Senior Scene By Buster Grimm - Draft League Update
By Softball West
If you are a 60-something senior ballplayer that is looking for a league that has the 60+ ages balanced on the teams, close games and everyone surprisingly happy at the end, try a Draft League. If you recall when we last spoke of this concept, the ages of all registered players above 60 were placed in a pool and then drawn out and distributed onto the teams, beginning from the 70+ group and working down to the 60+ age group. We spoke of a few variations to facilitate this process, aiming at equalizing the available talent so that close, meaningful games can be played.
Here in the Boise area this league began with five teams, made up of twelve players each. Playing one game a week, each team has logged in enough to get a general picture of what they may expect. Here is the amazingly similar statistic: one or two runs have settled all of the games played among the five teams! The largest spread was five runs in one of the first games. What this means to the 60+ players is a hilarious dream come true. What more could a player want than to go out to the ball field, have a close game, a lot of fun and then being able to look forward to another one later. This budding experiment has begun on the right foot and good things are expected as the season goes on.
There is one peculiar facet of this Draft League that was mentioned in the last article and needs to be addressed more thoroughly. Wooden bats are used in place of the aluminum bats. These hickories can come in almost any length and weight. What is the purpose of this change? First of all, safety is the main reason. Players who are 70+, 65+ and even those in the 60+ just don't want to see that ball come jumping off of the bats straight at them. Also, it adds a special aspect to the game that makes it more difficult to get hits. This makes every run count. Some guys laughingly have compared it more to a baseball game. Almost all of the games are low scoring. It really means something to have the ball sail out to the outfield or to hit it sharply enough to squirt through the infield. Many times the wood on the softball will deaden the ball to where the 70+ and 65+ players can get to it to make a play (hey! how about that!).

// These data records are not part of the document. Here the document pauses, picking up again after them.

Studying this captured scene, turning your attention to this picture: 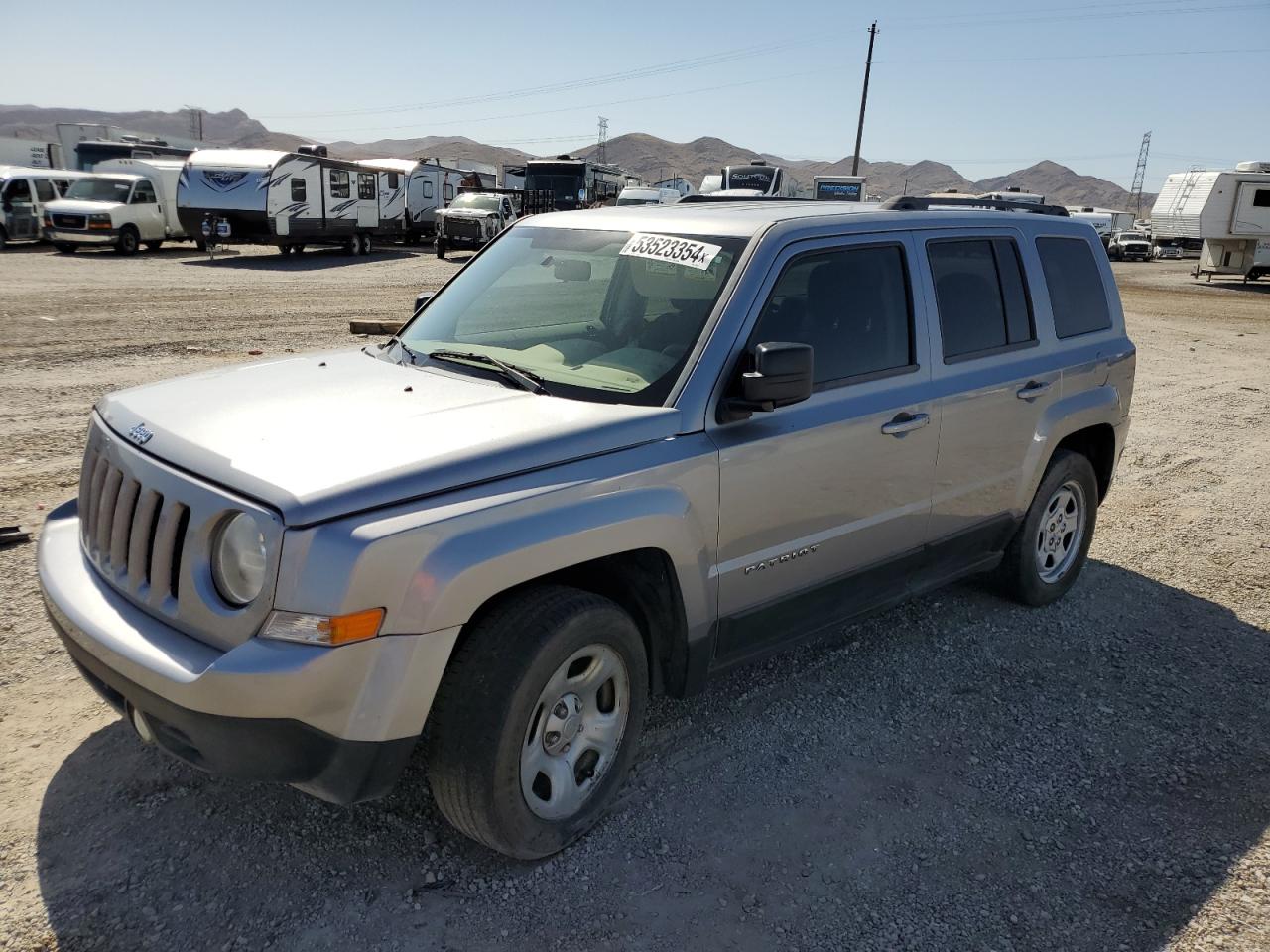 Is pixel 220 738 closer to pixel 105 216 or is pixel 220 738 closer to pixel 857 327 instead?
pixel 857 327

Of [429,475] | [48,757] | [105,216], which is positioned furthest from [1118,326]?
[105,216]

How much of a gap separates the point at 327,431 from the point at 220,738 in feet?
3.08

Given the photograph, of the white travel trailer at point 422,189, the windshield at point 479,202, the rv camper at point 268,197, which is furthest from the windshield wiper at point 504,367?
the white travel trailer at point 422,189

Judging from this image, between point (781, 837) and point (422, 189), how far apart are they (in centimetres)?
3374

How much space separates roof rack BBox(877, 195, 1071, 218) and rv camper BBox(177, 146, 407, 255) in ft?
77.1

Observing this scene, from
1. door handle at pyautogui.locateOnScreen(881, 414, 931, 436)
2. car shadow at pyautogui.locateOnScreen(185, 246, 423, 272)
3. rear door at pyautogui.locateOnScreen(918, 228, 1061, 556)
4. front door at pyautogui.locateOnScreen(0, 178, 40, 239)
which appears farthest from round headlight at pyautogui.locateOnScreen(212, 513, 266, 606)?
front door at pyautogui.locateOnScreen(0, 178, 40, 239)

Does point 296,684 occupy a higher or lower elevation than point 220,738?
higher

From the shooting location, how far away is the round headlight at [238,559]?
262 centimetres

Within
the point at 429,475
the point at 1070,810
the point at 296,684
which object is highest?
the point at 429,475

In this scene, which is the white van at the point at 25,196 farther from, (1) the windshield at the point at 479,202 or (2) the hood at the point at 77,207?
(1) the windshield at the point at 479,202

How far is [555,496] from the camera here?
288 centimetres

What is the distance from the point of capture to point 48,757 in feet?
11.5

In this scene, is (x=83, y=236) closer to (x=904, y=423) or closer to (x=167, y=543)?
(x=167, y=543)

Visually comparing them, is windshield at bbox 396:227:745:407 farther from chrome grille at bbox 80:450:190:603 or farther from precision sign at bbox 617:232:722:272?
chrome grille at bbox 80:450:190:603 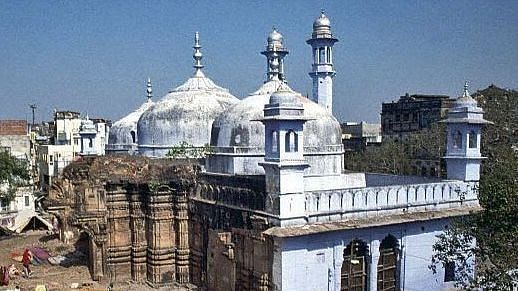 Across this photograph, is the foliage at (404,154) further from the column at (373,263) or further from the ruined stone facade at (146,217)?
the ruined stone facade at (146,217)

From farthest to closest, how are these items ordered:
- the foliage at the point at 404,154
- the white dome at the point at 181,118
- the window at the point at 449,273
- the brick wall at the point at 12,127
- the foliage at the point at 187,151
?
the brick wall at the point at 12,127
the foliage at the point at 404,154
the white dome at the point at 181,118
the foliage at the point at 187,151
the window at the point at 449,273

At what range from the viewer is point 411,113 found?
43.9 m

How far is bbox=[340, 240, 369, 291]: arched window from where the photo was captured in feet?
42.4

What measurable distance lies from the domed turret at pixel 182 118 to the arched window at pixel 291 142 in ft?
26.7

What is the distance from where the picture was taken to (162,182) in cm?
1622

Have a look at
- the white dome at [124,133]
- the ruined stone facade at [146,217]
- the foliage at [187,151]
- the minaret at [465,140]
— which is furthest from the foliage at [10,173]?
the minaret at [465,140]

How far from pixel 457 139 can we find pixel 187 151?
8.91 m

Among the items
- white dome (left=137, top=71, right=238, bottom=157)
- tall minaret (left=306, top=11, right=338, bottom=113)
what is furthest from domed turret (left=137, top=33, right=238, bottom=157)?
tall minaret (left=306, top=11, right=338, bottom=113)

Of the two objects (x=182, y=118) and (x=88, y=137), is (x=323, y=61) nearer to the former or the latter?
(x=182, y=118)

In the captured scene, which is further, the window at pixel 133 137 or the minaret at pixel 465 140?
the window at pixel 133 137

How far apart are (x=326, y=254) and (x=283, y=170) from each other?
2.28 m

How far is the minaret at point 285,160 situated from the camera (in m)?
11.7

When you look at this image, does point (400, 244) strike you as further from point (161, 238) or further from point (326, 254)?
point (161, 238)

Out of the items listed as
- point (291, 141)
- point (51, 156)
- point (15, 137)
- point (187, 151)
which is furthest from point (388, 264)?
point (15, 137) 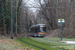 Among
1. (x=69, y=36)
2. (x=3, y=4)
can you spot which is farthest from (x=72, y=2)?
(x=3, y=4)

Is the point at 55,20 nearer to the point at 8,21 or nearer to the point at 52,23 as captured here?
the point at 52,23

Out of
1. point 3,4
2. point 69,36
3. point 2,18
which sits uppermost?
point 3,4

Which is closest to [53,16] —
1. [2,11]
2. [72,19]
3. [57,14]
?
[57,14]

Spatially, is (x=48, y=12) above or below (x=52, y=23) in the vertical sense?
above

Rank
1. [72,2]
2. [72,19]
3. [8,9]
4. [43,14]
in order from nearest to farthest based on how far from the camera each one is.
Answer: [72,19], [72,2], [8,9], [43,14]

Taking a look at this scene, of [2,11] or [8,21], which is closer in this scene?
[2,11]

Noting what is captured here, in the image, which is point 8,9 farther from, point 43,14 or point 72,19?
point 72,19

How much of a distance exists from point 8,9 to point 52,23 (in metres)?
12.6

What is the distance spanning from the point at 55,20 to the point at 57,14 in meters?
2.12

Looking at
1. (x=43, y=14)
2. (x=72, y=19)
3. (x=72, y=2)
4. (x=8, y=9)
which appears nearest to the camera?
(x=72, y=19)

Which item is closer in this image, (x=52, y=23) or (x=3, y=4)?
(x=3, y=4)

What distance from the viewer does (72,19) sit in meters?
26.8

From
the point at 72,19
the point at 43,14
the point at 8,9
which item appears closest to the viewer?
the point at 72,19

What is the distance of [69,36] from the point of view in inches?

There is one player who is using an old wooden bat that he had used in college days, it's still in beautiful condition and has some hits left in it. Other wooden bats have come out of attics, second-hand stores and even K-Mart with shiny price stickers still on them. The quality of lumber really doesn't seem to matter; it boils down to where you hit the ball. Batters have adjusted their swings to a much slower pace. The knack is in the smoothness and easy timing of the swing. After a few attempts, most players can adjust and it is a real challenge to hit the ball without the oomph and concentrate on the exact placement. As in most of softball (and hardball), over swinging is usually fatal, especially with the wooden bat. It is finesse all the way. A few of the batters can wait until the ball drops dangerously low and then give it the ‘ol sweeping wrist shot for a pull hit. The main thing that a wooden bat does is in delivering a deadened ball. When a hitter gets used to using the wood stick, he can then begin to work on opening up the hips and following through, this produces some pop on the ball and you can tell when a hitter has done so. And best of all, the oldsters of the league stand about the same chance of getting one in there by putting it past the infield because of this interesting adaptation: The one hundred and twenty foot line.
As you might have seen in some co-ed games, a curved chalk line is drawn in the outfield at a set distance to describe an area behind the infield, usually 180' feet in co-ed, but 120' feet in the wooden bat league. This line marks the point, which the outfielders must stay behind, until the ball is hit. It insures that the softly hit ball cannot be caught by an outfielder that has moved way up. It allows the batter to stroke the ball with his normal strength and put it into the zone more protected now by this boundary line. This increases the infielders' duties as far as playing back and being able to cover their territory more vigilantly. There have been some exceptional infield plays made due to the added responsibilities placed on the infielders.
I'm not in the least downplaying the great merits of regular senior ball_the aluminum bat, the straight up fields, etc. But we also like to keep our 60+ through the 70+ ballplayers around. This is a very palatable solution. In our area, hardly any of the 65+ and 70+ players have fallen through the cracks this year. The draft league was made available to them, they responded by getting into the pool, then onto a team, then directly into well-matched games. This "frees up" some of the regular 60+ team's rosters to pick up some higher talented players, as the ones they would have kept through loyalty who have gotten pretty slowed down now have a place to play. "It's a win, win," as Jimmy Johnson from the senior 60+ Legends here in the regular Boise senior league says. We all agree.
Ed Lenhart, one of the organizers of this draft league, sees the future as being bright. "There are going to be more and more coming into it because each year the 60+ players all get older and less competitive. They want to keep playing, but not so intently. This league is designed for the average player and even exceptional player that want to play on equal ground with another team. So far, it's working great. Next year will be better!"
What about you, 60+ senior player? Is it time to get a draft together, find some fields for the teams to play on one night a week and just make some contacts? One of the teams didn't have a manager; they just sort of did it themselves. The cost can be low, with the need of only one umpire and being able to get fields that are not so high profile. It's your game_how long do you want to remain in it?